(Update: a Facebook page dedicated to the history of this bridge. (source))
|Chcuk Edmonson posted|
Summer, 1932. The partially finished Savanna Sabula Toll Bridge over the Mississippi.
Bridge Hunter indicates it was built in 1932 and rehabilitated in 1985. Even though it was posted to the National Register of Historic Places on August 27, 1999, its replacement is being constructed. The bridge is free to anyone who will move it someplace else. But you don't toss that into the back of a pickup truck.
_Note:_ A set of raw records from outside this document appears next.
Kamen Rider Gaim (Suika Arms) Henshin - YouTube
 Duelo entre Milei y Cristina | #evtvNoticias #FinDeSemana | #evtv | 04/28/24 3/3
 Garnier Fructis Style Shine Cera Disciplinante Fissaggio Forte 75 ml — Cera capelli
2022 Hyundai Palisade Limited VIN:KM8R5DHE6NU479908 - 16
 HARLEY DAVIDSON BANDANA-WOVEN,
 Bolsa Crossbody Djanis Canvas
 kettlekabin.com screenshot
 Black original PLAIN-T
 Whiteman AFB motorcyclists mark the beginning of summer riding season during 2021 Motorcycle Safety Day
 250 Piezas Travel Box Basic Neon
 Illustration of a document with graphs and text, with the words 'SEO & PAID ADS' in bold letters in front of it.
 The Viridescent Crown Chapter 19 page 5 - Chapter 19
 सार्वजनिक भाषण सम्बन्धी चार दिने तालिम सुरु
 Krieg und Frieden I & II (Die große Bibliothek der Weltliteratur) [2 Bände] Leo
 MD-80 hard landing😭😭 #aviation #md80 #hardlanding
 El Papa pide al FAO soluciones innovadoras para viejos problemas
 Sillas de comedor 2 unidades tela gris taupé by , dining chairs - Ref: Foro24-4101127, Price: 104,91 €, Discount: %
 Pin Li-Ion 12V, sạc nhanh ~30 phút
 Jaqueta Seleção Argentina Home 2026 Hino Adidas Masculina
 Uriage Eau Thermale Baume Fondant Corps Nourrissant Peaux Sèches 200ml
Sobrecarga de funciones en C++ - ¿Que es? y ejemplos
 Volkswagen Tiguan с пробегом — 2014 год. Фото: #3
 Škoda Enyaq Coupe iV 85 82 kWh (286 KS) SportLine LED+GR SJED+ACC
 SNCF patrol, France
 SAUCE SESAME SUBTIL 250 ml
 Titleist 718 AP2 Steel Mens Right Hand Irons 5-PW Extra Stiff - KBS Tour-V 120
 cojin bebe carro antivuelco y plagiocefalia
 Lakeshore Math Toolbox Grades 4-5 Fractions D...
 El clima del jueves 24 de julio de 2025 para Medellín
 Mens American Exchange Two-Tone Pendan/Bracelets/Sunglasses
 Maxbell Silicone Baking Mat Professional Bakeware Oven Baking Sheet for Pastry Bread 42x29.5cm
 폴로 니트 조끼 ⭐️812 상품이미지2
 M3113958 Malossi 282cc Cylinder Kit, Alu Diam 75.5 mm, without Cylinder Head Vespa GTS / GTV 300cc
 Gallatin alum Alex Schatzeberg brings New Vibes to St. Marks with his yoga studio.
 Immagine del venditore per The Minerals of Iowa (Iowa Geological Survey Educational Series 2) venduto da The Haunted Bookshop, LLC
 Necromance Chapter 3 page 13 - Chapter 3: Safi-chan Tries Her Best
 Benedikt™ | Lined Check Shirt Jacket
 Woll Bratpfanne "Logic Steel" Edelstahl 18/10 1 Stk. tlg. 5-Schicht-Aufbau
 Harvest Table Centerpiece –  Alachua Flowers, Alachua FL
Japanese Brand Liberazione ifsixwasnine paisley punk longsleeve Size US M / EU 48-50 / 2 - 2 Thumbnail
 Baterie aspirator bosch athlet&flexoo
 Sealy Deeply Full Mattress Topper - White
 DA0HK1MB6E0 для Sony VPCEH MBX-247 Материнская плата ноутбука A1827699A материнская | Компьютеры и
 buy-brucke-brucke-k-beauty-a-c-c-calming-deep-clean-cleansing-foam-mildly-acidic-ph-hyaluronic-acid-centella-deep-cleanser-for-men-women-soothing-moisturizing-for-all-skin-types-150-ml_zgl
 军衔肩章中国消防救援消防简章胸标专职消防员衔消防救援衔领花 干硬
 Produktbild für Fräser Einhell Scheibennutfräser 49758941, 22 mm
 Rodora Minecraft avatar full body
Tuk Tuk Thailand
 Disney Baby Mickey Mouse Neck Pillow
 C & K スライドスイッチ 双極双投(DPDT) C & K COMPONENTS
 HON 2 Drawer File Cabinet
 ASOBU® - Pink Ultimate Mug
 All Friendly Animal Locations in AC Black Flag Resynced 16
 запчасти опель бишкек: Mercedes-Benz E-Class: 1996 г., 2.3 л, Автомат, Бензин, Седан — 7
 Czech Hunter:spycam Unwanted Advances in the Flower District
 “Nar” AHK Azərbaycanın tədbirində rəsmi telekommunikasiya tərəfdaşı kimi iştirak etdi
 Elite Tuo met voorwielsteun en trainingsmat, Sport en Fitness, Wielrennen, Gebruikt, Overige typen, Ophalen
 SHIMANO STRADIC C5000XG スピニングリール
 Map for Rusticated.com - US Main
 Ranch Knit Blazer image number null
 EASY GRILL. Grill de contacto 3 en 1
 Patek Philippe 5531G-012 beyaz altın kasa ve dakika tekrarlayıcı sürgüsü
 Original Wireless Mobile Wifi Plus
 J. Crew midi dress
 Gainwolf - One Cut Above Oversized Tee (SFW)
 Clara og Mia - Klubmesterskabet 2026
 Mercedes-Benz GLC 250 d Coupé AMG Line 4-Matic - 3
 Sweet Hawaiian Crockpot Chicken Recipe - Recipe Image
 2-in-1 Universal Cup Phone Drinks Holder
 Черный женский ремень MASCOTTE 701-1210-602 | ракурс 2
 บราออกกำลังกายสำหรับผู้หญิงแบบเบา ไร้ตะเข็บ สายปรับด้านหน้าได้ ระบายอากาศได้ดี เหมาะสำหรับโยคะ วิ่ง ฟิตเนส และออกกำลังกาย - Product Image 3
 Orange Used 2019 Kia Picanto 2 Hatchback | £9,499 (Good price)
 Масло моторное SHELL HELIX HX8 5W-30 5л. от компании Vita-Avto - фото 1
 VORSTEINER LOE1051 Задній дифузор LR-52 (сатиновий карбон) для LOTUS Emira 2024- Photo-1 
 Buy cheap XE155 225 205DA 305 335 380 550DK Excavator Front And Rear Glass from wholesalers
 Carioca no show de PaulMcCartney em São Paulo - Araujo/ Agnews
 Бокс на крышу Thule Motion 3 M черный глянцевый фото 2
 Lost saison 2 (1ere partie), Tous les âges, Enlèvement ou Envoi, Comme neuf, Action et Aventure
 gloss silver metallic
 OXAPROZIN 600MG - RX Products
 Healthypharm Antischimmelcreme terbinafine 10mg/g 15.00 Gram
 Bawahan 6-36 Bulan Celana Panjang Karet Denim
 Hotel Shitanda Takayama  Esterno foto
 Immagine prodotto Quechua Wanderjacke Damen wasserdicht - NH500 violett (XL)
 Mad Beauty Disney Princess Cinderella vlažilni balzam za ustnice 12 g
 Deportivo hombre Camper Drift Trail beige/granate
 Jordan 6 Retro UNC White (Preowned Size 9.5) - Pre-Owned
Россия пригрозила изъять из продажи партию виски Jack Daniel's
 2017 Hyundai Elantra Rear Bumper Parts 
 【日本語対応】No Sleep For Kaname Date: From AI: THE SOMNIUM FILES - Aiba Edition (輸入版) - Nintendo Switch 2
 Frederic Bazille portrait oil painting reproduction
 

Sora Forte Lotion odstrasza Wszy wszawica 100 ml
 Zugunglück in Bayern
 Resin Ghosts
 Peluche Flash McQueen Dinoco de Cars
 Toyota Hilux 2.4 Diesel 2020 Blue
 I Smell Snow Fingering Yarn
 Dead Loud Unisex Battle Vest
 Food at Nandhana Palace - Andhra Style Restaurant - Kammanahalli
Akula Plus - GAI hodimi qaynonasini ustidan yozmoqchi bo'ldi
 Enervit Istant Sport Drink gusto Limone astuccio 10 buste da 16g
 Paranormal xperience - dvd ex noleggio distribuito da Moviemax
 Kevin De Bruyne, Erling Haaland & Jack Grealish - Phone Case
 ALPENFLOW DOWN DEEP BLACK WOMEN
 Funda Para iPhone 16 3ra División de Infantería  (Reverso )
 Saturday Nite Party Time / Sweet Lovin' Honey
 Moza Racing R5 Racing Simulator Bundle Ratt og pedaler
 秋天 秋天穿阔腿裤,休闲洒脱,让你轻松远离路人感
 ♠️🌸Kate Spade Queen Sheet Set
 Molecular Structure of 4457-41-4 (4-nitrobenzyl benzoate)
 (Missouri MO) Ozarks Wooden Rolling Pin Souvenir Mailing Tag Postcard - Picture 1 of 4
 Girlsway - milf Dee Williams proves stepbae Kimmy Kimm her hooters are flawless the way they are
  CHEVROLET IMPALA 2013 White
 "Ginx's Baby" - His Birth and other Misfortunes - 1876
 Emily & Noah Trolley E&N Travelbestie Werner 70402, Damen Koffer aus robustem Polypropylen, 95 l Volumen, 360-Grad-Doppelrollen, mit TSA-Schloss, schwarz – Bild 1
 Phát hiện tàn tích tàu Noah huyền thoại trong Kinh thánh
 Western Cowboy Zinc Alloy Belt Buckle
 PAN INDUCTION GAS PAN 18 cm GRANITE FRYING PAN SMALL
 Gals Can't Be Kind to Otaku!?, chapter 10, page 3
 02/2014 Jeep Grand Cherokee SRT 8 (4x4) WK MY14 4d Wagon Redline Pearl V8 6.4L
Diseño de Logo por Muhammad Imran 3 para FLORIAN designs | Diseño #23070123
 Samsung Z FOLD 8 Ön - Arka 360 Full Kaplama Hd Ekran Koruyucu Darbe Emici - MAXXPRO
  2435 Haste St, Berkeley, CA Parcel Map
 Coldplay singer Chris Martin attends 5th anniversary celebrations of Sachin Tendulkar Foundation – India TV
Historic Bridges says this continuous truss bridge is in good shape but the reason it is being replaced is that the lanes are too narrow. Since the replacement is being built right next to it, then they should have built a new bridge to carry one direction of traffic and allow this one to remain for the other direction of traffic.
|Jerry Jackson posted|
C44-9W 5325 leads her train under the Sabula Bridge, entering Savanna, IL, summer of 2013.
|Jerry Jackson posted|
This eastbound train is entering North Savanna, IL, passing under the bridge to Sabula, IA. The bridge crosses over the Mississippi River. Summer of 2013.
Todd Cornilsen I'll miss that bridge....
[So the new arch bridge is not going to add lanes, it is going to destroy the old bridge.]
Rusty Sanders posted six photos with the comment: "Manitowoc MLC-300 VPC MAX setting the 1st arch piece on the Savanna/Sabula bridge. Savanna Illinois. 137,000 gross wt."
|Jeff Tomlinson posted|
A new 300 working on a new bridge across the Mississippi. Sublua-Savana [sic.].
|Rusty Sanders posted|
MLC-300 VPCMAX Getting some! Setting arch ribs on the New Savanna Illinois Mississippi River bridge. "Big Iron" Ben at the helm... Photo taken out of the side window of my American 9310. Notice the boom angle indicator in the lower right corner.
Rusty Sanders In that configuration it is good for 160,000 lb at 160 ft
Rusty Sanders 105,000 lbs. at 148' radius..
|tom Nugent posted|
Bridge job, Savanna Illinois/ Sabula Iowa Mississippi River Bridge. Manitowoc MLC300.
Dave Morse Can any operators tell me, does it affect capacity of a crane, such as the above, while working off a barge, I've only operated rough terrain rigs with 70 ton capacity, had a chance too break in on 180 ton Loraine friction machine, but was to young and stupid to take the opportunity!!!
[Unfortunately, no one answered. Lifts like this where the boom is along the long axis of the barge and there is plenty of barge under the boom don't concern me. But I have seen other pictures were they are lifting off the side of the barge.]
When the Manitowoc MLC300 crawler crane debuted with Variable Position Counterweight (VPC) and VPC-MAX heavy lift attachment, one of its unique selling points was the crane’s barge-lifting capabilities. The reduced footprint and floating counterweight meant that it would be much more efficient for lifters to barge-mount a crawler crane. Contracting teams could erect the crane onto smaller water-based barges because the machine automatically adjusts its center of gravity for each lift.
The MLC300 is now erected on a barge in the Mississippi River measuring 70 ft by 195 ft. It’s lifting 76 USt arch rib sections to a height of 165 ft using 295 ft of main boom, all from a 100 ft radius. To meet the lift radius and pick weight requirements on the job, Kraemer’s MLC300 had to be outfitted with its optional VPC-MAX attachment, which enhances the crane’s capacity and enables additional boom and jib length combinations.